- Opening Delimiter -

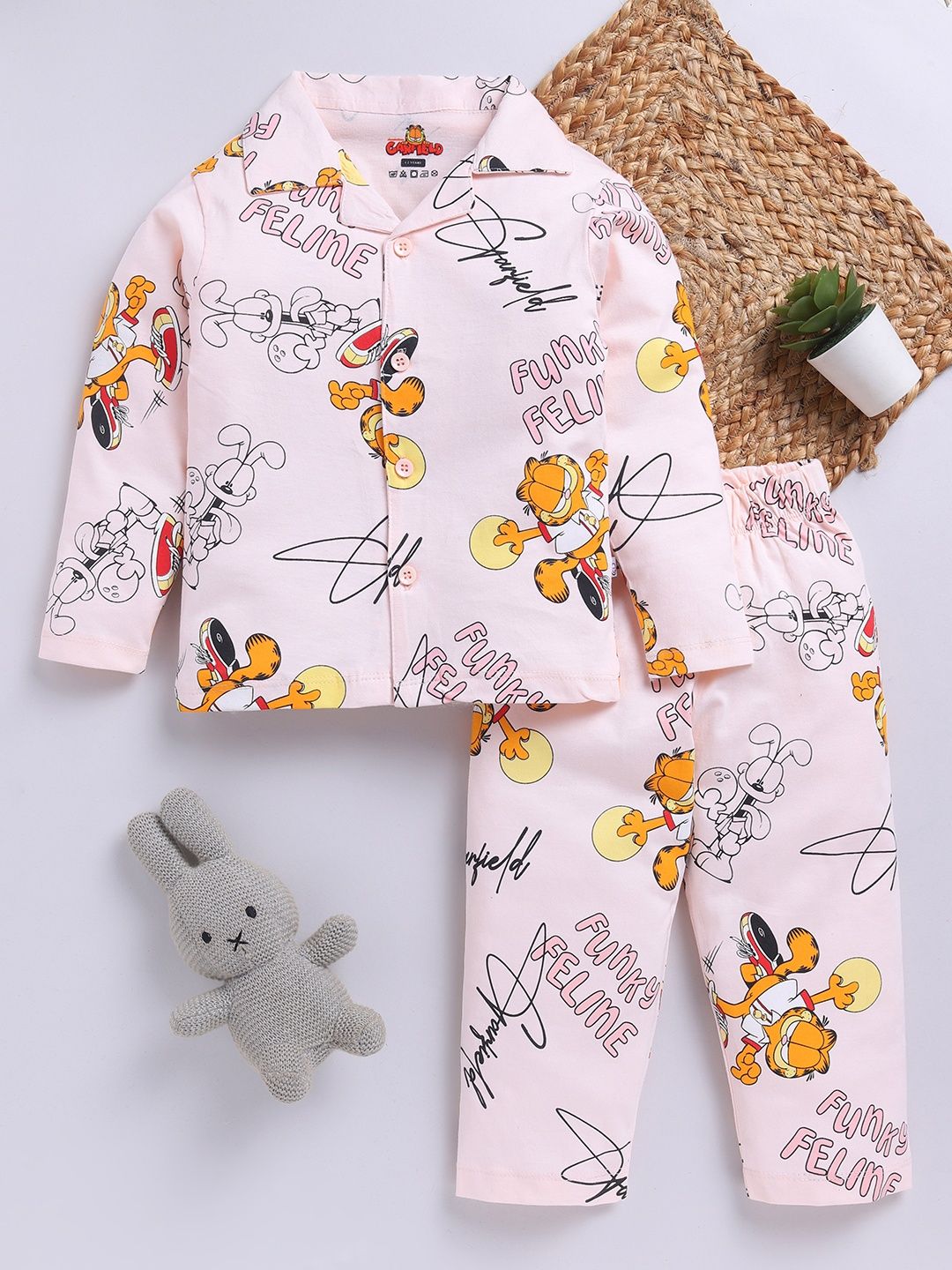 YK X Tinyo Boys Garfield Graphic Printed Pure Cotton Night Suit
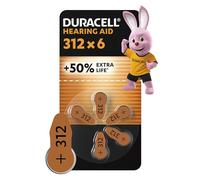 DURACELL Hearing Aids Batteries Size 312 (6 Pack) 1.45V, PR41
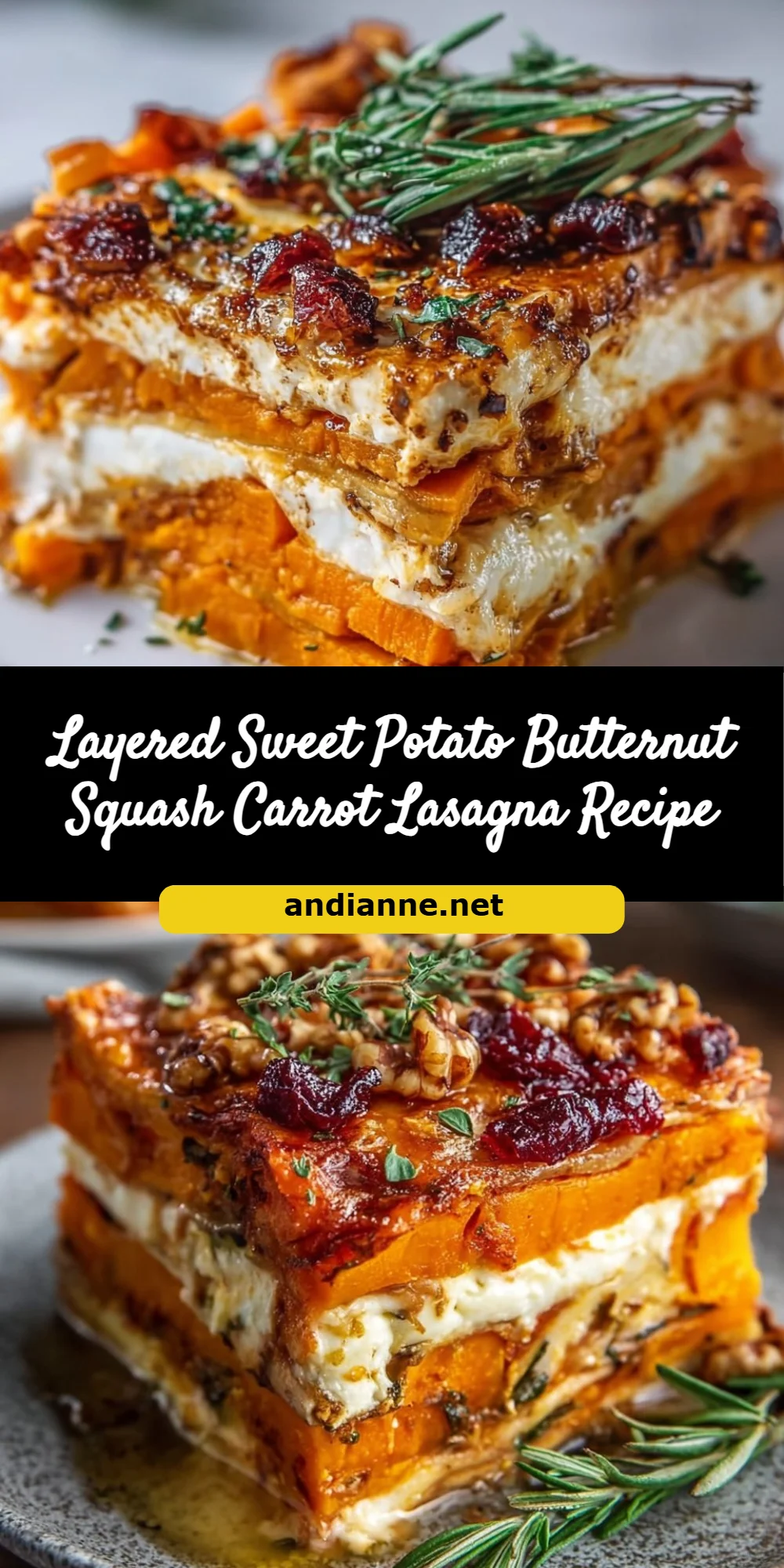 Layered Sweet Potato Butternut Squash Carrot Lasagna Recipe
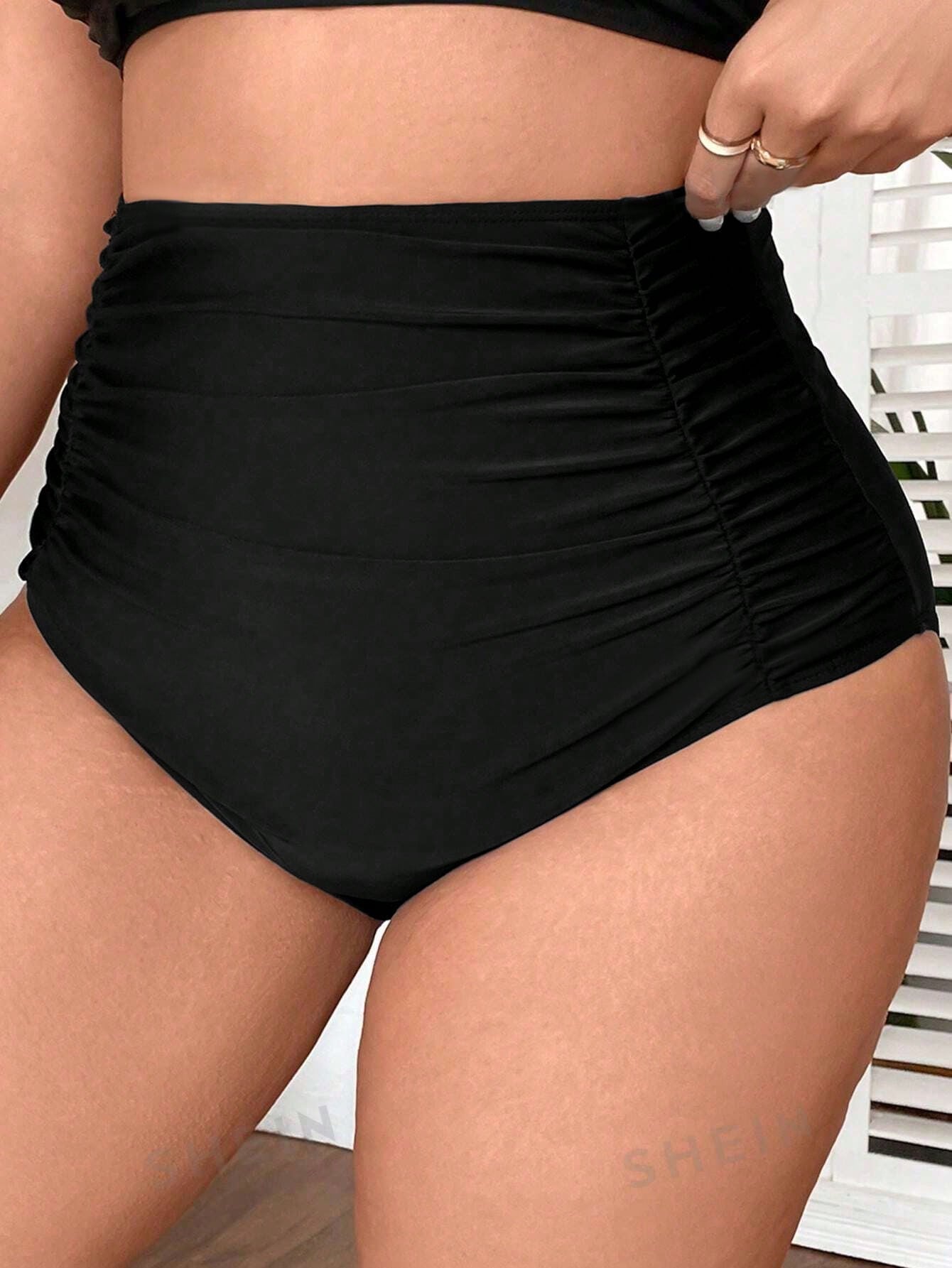 Swim Lushoire Plus Size High Waisted Bikini Bottom, With Ruching For Tummy Control Summer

- Closing Delimiter -

**TASK TO CARRY OUT:** All of the data must be given again exactly, without the pictures.

**COMPLETED EXERCISE:**
 YK X Tinyo Boys Garfield Graphic Printed Pure Cotton Night Suit
 DURACELL Hearing Aids Batteries Size 312 (6 Pack) 1.45V, PR41
 Layered Sweet Potato Butternut Squash Carrot Lasagna Recipe
 Swim Lushoire Plus Size High Waisted Bikini Bottom, With Ruching For Tummy Control Summer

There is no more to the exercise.